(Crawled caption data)
------------------------------------------------
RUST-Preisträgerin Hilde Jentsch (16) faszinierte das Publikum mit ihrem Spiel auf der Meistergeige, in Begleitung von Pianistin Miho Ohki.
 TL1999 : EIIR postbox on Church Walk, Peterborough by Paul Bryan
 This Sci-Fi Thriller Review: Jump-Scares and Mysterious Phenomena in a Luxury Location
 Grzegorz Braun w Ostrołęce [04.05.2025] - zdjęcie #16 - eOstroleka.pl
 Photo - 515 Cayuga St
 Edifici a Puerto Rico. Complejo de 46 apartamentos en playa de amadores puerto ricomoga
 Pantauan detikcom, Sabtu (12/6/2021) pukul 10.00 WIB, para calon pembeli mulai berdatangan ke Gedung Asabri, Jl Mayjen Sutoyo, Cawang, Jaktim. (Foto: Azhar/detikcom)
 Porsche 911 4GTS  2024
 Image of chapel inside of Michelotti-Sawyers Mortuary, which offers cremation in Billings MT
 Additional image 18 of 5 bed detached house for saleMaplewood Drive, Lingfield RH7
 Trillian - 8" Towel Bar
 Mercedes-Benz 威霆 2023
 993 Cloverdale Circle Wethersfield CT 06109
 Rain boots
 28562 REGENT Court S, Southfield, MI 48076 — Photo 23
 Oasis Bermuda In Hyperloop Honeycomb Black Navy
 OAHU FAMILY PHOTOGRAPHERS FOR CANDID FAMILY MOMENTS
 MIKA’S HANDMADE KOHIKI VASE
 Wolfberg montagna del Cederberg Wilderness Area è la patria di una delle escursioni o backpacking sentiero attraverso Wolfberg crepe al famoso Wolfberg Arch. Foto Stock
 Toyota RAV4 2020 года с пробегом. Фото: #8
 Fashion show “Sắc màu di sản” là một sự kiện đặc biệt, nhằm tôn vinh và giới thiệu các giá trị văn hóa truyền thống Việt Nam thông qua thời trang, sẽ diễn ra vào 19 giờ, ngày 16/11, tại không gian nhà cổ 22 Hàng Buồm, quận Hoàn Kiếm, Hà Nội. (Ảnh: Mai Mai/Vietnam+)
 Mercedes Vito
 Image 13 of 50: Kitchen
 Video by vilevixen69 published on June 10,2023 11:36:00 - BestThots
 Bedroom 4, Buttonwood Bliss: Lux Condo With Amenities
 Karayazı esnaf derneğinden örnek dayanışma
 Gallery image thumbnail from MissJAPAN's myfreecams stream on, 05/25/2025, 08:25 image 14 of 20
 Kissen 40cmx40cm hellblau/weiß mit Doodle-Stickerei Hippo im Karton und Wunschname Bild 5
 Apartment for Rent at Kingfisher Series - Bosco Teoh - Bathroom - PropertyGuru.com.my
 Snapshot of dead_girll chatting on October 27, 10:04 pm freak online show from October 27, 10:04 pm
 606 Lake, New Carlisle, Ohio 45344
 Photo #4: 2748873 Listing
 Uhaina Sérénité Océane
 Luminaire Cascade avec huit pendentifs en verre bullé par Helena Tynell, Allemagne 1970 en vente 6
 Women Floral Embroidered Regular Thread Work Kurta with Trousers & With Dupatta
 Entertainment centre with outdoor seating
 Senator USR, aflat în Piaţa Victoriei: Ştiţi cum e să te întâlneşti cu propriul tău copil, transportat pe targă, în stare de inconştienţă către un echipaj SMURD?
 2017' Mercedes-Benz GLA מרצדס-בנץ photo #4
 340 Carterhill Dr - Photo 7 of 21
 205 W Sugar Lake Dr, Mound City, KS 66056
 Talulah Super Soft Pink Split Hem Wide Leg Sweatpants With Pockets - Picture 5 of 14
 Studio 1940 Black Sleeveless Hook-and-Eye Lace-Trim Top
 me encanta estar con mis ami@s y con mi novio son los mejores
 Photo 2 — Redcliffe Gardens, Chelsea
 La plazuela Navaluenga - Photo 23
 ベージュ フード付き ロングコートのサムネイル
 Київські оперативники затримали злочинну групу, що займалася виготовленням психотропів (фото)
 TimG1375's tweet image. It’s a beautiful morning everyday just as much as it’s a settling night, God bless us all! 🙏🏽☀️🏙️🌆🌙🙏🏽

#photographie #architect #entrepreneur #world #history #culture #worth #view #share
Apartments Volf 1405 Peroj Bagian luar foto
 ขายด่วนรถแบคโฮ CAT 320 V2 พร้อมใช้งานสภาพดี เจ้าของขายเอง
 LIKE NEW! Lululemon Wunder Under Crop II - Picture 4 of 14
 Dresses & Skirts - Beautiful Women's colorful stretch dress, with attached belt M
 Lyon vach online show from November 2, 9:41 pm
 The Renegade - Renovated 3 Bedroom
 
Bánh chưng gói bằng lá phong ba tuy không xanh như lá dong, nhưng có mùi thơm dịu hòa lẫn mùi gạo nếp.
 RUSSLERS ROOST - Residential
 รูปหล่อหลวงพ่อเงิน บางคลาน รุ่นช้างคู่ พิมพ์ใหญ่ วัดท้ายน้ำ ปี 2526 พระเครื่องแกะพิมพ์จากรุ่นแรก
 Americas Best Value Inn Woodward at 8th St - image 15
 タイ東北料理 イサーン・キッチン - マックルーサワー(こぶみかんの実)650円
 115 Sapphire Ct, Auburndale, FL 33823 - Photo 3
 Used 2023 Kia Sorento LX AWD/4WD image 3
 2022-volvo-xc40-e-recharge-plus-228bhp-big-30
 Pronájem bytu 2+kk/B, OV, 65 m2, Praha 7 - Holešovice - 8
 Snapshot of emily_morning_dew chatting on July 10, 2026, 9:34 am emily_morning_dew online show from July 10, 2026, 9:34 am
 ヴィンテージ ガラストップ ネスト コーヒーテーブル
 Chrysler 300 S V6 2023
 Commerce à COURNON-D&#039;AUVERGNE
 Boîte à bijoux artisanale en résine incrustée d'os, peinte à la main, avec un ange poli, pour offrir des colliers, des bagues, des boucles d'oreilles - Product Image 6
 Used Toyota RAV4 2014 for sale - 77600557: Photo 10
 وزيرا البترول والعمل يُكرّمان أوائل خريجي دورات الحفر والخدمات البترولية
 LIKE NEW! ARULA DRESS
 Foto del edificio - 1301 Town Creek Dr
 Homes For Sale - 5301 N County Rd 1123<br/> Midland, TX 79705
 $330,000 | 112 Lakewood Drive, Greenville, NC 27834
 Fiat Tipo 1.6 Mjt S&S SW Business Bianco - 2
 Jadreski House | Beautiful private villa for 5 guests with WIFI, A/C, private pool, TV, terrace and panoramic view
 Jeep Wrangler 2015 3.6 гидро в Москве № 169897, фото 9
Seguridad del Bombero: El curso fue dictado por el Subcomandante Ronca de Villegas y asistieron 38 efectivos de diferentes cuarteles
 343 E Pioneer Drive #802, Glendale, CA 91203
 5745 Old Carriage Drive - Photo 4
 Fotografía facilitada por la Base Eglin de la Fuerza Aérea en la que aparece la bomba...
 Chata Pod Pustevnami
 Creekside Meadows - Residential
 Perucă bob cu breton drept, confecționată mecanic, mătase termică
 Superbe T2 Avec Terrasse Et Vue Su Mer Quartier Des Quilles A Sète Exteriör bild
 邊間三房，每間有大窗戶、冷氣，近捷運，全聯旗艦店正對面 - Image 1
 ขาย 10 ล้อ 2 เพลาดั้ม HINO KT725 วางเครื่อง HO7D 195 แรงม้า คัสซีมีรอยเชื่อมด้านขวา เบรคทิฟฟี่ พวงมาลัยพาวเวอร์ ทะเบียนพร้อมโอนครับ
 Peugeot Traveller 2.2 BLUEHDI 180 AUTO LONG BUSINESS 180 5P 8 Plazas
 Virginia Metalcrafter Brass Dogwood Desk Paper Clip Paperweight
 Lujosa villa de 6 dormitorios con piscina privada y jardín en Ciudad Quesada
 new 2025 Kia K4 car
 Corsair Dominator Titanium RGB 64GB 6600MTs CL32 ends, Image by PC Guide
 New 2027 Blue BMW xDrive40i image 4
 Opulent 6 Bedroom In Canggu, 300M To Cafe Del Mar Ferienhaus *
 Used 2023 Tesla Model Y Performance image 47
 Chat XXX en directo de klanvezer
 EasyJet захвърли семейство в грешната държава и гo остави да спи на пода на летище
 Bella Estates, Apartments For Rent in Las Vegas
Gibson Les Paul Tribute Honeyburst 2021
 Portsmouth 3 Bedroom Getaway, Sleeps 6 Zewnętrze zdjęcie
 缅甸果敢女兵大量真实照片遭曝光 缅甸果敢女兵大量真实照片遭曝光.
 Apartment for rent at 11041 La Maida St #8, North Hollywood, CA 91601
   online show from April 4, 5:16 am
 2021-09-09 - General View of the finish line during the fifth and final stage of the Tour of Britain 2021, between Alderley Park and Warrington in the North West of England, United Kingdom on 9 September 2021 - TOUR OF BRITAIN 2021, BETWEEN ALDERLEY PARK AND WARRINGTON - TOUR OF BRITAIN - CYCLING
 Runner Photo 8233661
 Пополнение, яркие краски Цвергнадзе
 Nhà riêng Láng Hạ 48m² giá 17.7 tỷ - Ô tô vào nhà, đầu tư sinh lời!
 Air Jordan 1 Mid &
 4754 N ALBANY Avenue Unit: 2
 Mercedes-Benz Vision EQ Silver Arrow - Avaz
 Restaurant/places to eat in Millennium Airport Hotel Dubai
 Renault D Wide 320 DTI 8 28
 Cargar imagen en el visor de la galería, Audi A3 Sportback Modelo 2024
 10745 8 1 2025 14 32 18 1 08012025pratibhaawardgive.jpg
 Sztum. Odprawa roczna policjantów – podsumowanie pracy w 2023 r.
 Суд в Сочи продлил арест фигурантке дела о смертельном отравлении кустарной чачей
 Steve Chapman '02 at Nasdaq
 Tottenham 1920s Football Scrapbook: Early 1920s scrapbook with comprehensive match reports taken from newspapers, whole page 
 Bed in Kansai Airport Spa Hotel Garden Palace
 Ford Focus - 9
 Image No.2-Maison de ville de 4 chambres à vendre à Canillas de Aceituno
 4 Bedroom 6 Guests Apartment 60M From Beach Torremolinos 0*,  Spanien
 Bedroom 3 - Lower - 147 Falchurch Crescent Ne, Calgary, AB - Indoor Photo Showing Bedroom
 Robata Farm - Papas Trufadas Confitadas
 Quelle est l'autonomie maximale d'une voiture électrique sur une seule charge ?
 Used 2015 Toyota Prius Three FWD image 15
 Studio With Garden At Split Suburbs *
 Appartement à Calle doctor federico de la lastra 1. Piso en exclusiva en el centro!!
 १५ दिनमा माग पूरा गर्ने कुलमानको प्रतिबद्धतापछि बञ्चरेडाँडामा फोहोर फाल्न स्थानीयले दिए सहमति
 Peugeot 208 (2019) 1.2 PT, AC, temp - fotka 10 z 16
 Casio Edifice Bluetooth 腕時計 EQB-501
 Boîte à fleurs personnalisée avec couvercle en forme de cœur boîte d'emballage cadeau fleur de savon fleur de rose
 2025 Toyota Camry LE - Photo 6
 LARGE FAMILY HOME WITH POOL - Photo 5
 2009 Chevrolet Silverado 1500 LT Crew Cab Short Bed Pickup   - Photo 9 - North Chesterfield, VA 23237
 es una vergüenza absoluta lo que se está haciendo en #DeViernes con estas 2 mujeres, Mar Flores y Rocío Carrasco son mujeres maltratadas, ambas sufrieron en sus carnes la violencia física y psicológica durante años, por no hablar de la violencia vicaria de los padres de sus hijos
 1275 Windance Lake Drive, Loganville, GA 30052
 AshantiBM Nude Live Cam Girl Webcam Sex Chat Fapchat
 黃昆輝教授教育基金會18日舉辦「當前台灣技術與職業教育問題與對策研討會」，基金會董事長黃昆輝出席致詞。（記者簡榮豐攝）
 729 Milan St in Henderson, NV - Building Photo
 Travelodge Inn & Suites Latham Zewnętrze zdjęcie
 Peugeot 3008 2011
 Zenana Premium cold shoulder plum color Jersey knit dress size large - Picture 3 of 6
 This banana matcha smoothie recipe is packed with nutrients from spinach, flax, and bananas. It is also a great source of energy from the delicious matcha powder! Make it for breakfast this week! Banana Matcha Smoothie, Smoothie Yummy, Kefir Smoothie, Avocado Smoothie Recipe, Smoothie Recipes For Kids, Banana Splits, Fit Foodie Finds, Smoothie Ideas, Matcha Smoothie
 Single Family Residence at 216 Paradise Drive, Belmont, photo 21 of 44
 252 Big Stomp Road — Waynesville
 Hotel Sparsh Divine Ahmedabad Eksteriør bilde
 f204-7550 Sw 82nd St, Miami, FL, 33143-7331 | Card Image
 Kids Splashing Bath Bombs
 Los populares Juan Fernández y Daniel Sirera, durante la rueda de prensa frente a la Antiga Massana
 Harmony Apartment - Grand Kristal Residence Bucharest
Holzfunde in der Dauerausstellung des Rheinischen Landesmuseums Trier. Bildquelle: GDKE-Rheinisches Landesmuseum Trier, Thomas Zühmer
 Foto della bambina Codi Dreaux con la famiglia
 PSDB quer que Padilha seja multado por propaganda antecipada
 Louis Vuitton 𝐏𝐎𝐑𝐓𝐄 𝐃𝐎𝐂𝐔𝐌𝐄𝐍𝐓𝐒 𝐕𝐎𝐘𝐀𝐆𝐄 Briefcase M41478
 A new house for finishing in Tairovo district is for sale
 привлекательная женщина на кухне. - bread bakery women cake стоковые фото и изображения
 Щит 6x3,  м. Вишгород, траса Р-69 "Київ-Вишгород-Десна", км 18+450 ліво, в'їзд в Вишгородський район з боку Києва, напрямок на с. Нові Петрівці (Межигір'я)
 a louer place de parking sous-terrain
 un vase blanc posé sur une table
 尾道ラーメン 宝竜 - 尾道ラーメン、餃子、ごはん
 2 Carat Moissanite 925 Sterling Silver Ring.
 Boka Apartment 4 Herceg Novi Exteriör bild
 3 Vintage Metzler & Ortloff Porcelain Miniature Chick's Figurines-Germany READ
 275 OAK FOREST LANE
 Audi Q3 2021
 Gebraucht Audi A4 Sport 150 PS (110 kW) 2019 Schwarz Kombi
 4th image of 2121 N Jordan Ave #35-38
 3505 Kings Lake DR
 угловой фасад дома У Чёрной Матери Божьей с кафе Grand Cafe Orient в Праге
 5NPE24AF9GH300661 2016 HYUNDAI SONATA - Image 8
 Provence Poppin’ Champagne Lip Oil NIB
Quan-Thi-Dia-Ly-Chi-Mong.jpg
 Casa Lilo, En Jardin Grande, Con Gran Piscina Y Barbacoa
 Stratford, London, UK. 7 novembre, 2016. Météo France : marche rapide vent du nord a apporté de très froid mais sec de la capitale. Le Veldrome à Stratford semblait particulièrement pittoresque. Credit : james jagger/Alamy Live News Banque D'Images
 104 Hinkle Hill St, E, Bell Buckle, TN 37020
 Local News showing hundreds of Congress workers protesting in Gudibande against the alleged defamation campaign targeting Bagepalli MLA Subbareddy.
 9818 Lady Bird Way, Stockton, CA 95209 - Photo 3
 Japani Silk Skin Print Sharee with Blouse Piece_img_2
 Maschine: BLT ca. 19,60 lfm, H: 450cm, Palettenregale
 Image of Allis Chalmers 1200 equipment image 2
------------------------------------------------
## Work task
Could you reproduce, exactly, every line above from the line with "Суд в Сочи продлил" to the line with "Bedroom 3 - Lower", and no other line? Both ends count.

## Answer below
 Суд в Сочи продлил арест фигурантке дела о смертельном отравлении кустарной чачей
 Steve Chapman '02 at Nasdaq
 Tottenham 1920s Football Scrapbook: Early 1920s scrapbook with comprehensive match reports taken from newspapers, whole page 
 Bed in Kansai Airport Spa Hotel Garden Palace
 Ford Focus - 9
 Image No.2-Maison de ville de 4 chambres à vendre à Canillas de Aceituno
 4 Bedroom 6 Guests Apartment 60M From Beach Torremolinos 0*,  Spanien
 Bedroom 3 - Lower - 147 Falchurch Crescent Ne, Calgary, AB - Indoor Photo Showing Bedroom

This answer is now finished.